Scripture is For Focus
There is one more important fact of this story of focus. Jesus met every challenge with scripture. Here is another subtle temptation. Jesus is not just quoting scripture nor is he “proof-texting” scripture. He is quoting scripture that keeps him focused. In the story, he insists that the word of God must nourish a truly human life. It is that focus that leads him to provide food for hungry people (Matthew 6:11; 14:13-21; 15:32-39; 25:31-46). Jesus also quotes scripture within its context to illustrate that even the well-intentioned theologies and interpretations of Scripture in his own community can become the vehicle of a demonic alternative to the path of living into being the anointed one, the Christ.
So, who you are is how you lead. As a Christ-centered leader, what is your focus?
How you see Jesus shapes how you lead. How do you see Jesus? Matthew presents Jesus as the Son of God, who will work many miracles during his ministry. Yet this story of focus not only rejects violence and miracles but considers them to be demonic temptations. What does it mean to be the anointed one, the Christed one?
In Matthew, messiahship is defined not only in traditional pictures of divine power but in terms of Jesus’ own suffering and death. Instead of the power that the “kingdom” had previously meant, Jesus becomes an alternative vision of what the kingdom of God on earth might be.
This is what was at stake in the temptations Jesus faced and it is what is at stake with your leadership. As a beloved Child of God and a Christ-centered leader, what is your focus? As a follower of Jesus, your focus is to have a trusting relationship with God and a loving relationship (agape) with people. As a Christ-centered leader, you model what God’s love looks like today.
The temptations will be subtle, but with your eyes focused upon Jesus, God’s kingdom of love and grace comes here on earth as it is in heaven. Who you are is how you lead.
Give God thanks for the people you met today. What temptations or challenges did you face today? Did you make decisions based on popularity or humility? In what situations did you feel you were leading with a focus on love and grace? How did you assist others in moving forward in becoming more who God created them to be? Give God thanks for the opportunities you had to love others as you have been loved.
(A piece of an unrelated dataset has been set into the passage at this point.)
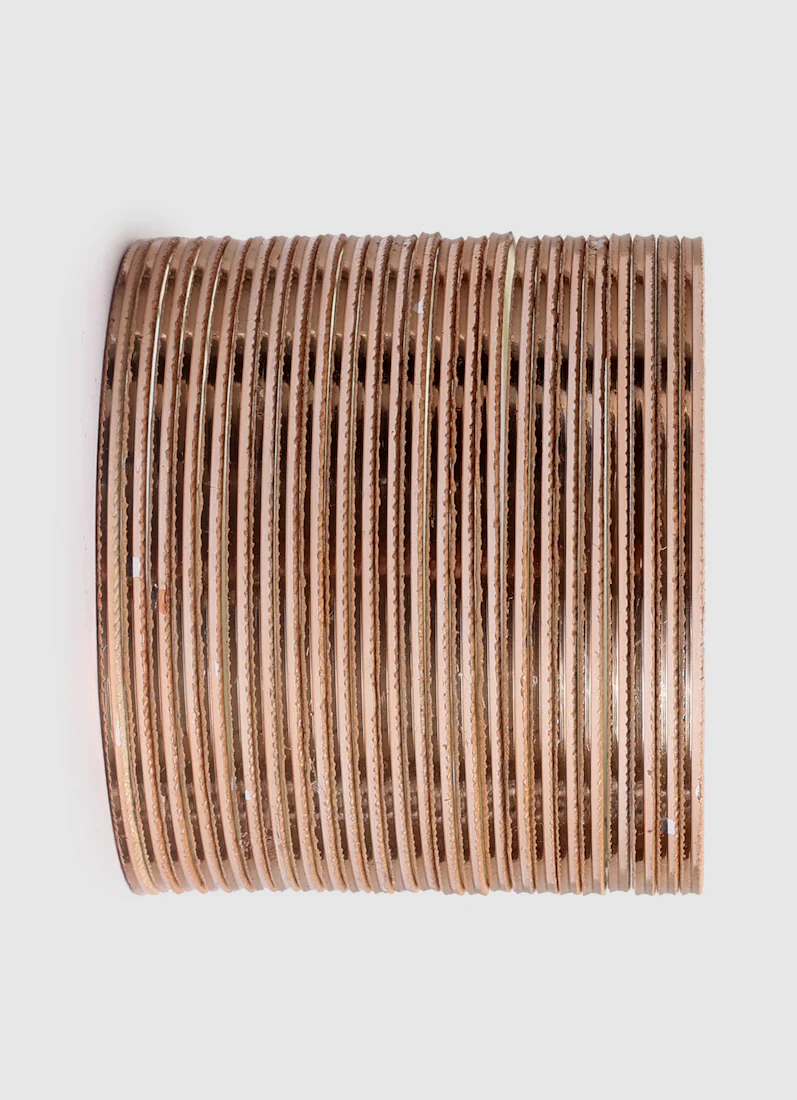 Antique Gold Shiny Finish Bangle Set - Image 2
O God, I give you thanks for the assurance that you are shaping me more into the person you created me to be. Help me be more aware of my relationships and of the people you want me to love. By your grace, give me the courage and grace to lead others into and through the difficult moments of loving others as you have loved me. As one of your beloved children, help me be a leader of focus, relying upon your authority in Jesus. I offer who I am to you in the name of Jesus. Amen.